To date I’ve participated in education sessions with two fans. Now I’m not going to go into details on what is said in the sessions as that’s between the people who are in them. However, I will say that my personal drive to be involved in them is not to seek retribution by making someone feel bad or uncomfortable. I’m not there to judge or point the finger in any way. I’m simply there to listen and to provide context and my own experiences and those of our community. It gives people the opportunity to explain what they did in their own words and what happened after and how they feel about the whole situation. They can ask me questions or my opinion and I’ll always be completely honest with them. I don’t try to lead the sessions in any particular direction. I just help Kick It Out by providing the real-lived experiences of someone from the community relevant to the abuse.
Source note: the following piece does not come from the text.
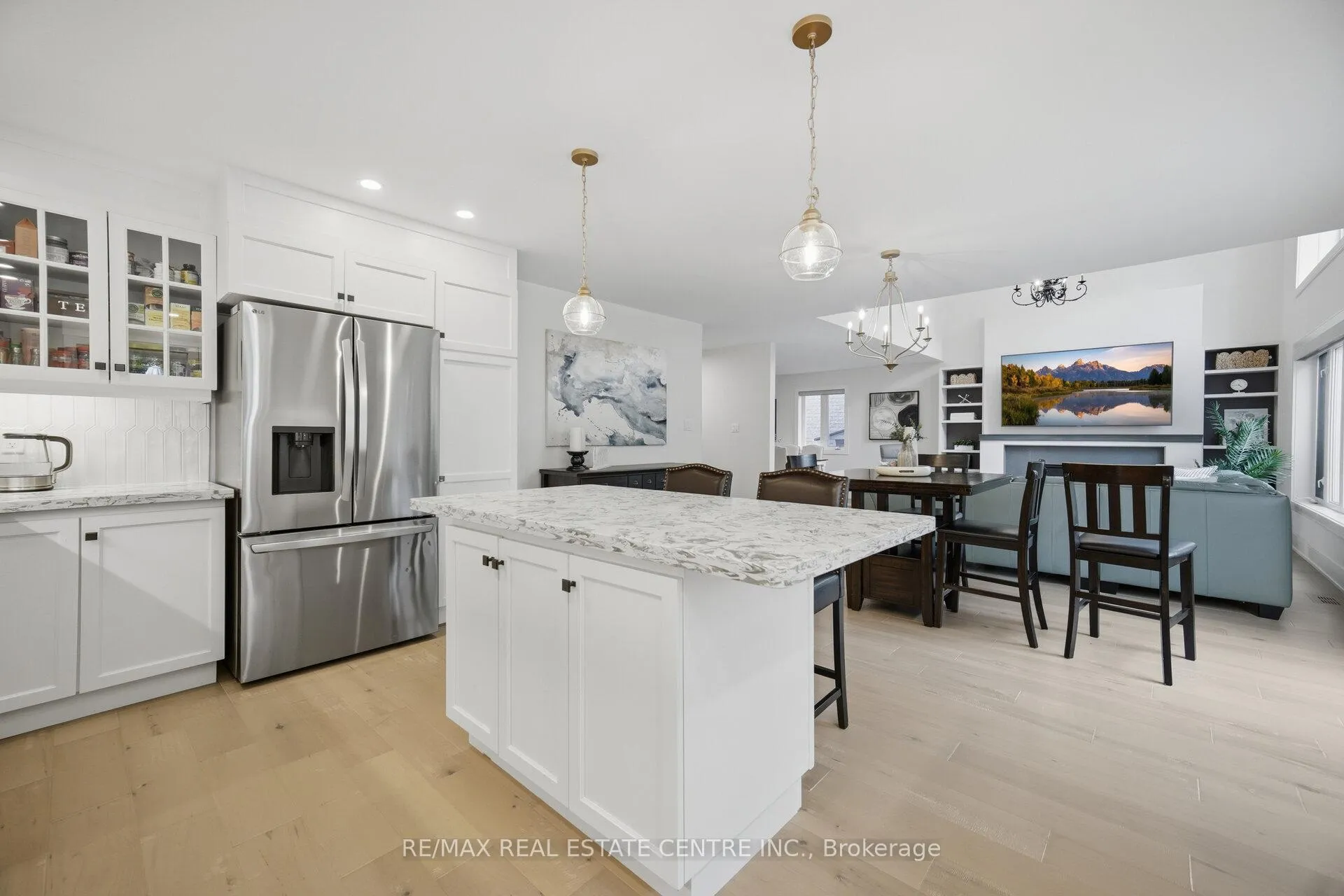 Photo 24 of 5388 Kindos Street, Burlington, Orchard — HOMEH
Some see organisations like ours as militant. That somehow we want to “sterilise” football and to get people banned. The reality is we want more people in stadiums. Not less. And to do that, we have to make sure that nobody feels excluded. Be that people from our own community, people from other minority communities, families, women, men and yes – even people who have made mistakes and want to make amends.
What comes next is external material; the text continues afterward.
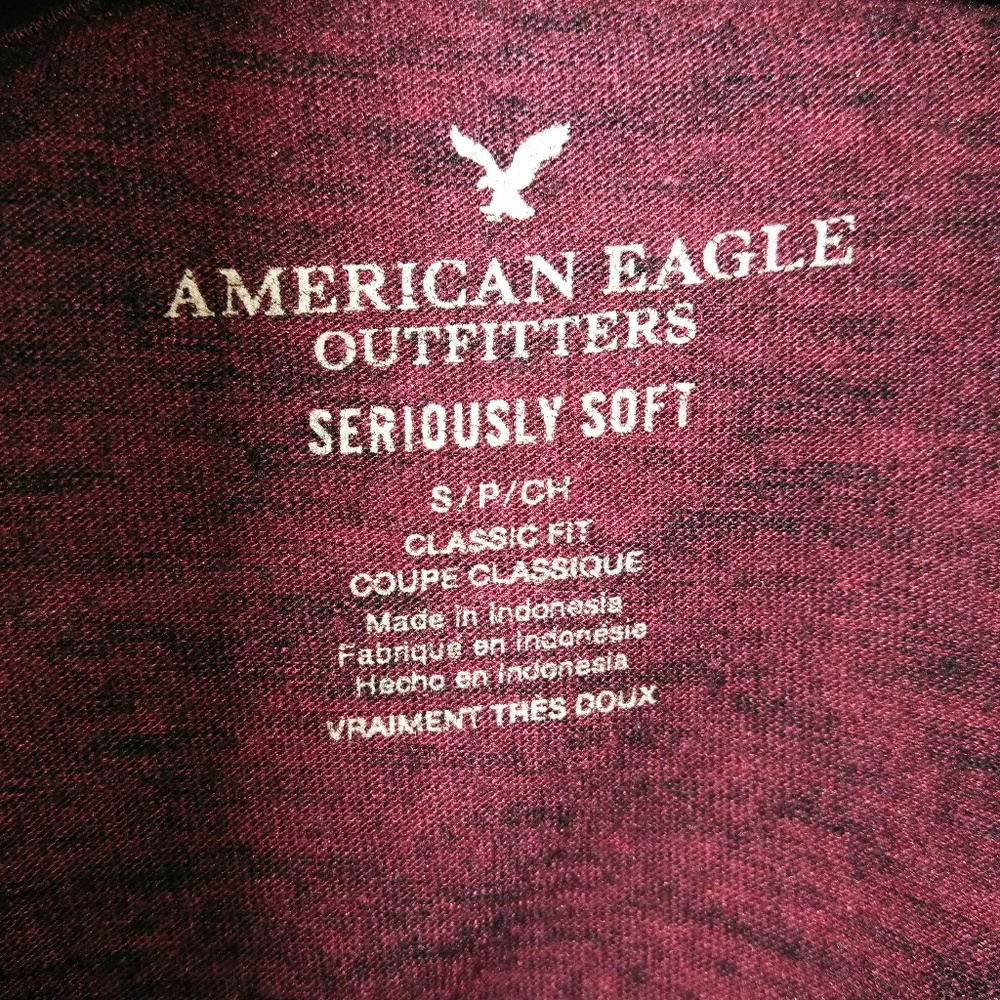 American Eagle V neck - Picture 3 of 3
If having read this, you’re of the opinion that homophobic abuse is just “banter” and we’re all being too sensitive – including the police and court system – then please, consider this: if you don’t want to eliminate homophobic abuse for us, for your friends and family who might be part of our community or for anyone else, then please do it for yourself. From the 2018/2019 season to the 2019/2020 season, instances of homophobic abuse in football went up for 96% – practically double! And whilst the four people convicted after the game in 2020 may have received what seems, on the face of it, to be a “slap on the wrists”, the legal approach to these offences is changing. The courts are becoming far stricter and the sentences are no longer small fines but much harsher sanctions including custodial sentences.
In September 2021 there were two instances of abuse that set a new standard.
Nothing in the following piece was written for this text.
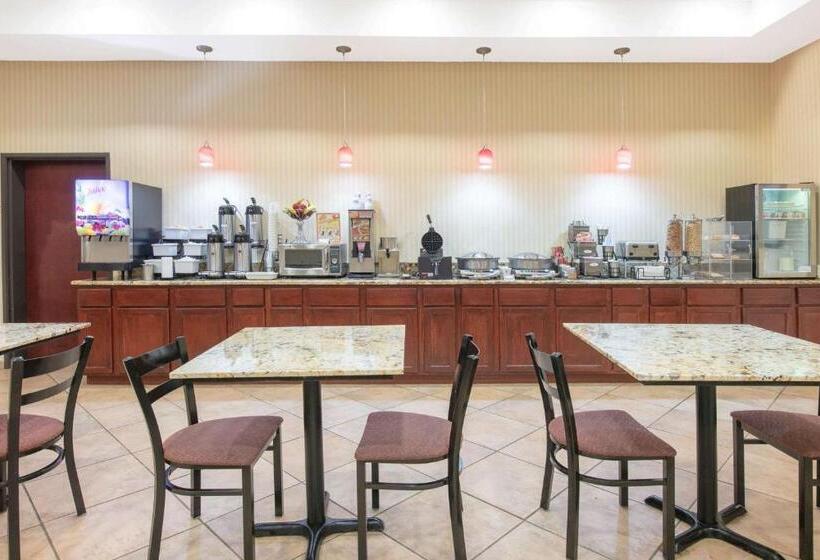 ホテル Baymont By Wyndham Mccomb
Firstly a Cheshire man was convicted of posting racist abuse online aimed at England players after the Euro final. His punishment included:
- 14 week prison sentence – suspended for 18 months
- 30 days of rehabilitation activities
- Curfew including electronic tag for 40 months
- Over £300 in fines and costs
Secondly, a 50 year old man from Kingswinford in the West Midlands was convicted of sending racially abusive messages to a West Brom player on social media. His punishment resulted in an immediate custodial sentence:
- An 8 week sentence – half in prison and half on licence
- £1,000 in compensation and costs
As you can see from these examples, the courts are no longer willing to deal with discriminatory abuse within football with mere fines and neither is it restricted to the physical realm of football stadiums. So even if you consider limp wrist gestures and chants of “Does your boyfriend know you’re here?” and “Stand up if you can’t sit down” as banter and a laugh, is it really funny enough to go to prison for? To risk your job? Your career? Your reputation? Your relationships? Your ability to attend a game you claim to love?
So please, for us, for your LGBTQIA+ friends and family, for the good name of West Ham United and if nothing else, for yourself – on Wednesday night, make it about the football.